→ **Work task**
Return the lines of the data below in which the string "Washington" occurs.

(Web page caption snippets)
[Start of section]

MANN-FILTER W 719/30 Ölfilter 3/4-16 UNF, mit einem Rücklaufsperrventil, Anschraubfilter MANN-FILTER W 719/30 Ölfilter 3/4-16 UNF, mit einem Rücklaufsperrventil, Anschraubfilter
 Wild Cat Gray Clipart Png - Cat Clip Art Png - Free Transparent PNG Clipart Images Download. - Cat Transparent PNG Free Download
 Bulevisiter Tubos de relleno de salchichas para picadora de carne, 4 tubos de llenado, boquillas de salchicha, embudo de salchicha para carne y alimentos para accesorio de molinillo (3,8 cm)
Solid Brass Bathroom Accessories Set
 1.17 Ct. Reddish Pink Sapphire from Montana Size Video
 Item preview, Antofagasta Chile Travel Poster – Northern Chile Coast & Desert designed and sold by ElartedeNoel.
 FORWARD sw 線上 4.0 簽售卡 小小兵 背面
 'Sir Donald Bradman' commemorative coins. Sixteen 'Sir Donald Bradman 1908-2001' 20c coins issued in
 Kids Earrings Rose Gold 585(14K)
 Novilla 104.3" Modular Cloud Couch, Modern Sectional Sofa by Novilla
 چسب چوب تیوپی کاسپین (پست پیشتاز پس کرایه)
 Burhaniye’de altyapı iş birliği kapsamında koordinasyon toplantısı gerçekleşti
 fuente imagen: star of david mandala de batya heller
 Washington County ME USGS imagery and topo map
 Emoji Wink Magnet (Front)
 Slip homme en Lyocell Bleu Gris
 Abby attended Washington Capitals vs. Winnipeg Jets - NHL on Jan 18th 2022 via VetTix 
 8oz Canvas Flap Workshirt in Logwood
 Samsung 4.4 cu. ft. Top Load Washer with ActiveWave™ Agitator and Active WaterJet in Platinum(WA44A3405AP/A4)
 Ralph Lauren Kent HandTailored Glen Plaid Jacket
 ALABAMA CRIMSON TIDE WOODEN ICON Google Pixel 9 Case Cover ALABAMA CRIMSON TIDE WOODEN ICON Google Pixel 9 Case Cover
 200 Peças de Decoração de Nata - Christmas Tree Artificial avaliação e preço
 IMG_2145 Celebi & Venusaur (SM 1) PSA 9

[End of section]

→ **Response to this task**
 Washington County ME USGS imagery and topo map
 Abby attended Washington Capitals vs. Winnipeg Jets - NHL on Jan 18th 2022 via VetTix 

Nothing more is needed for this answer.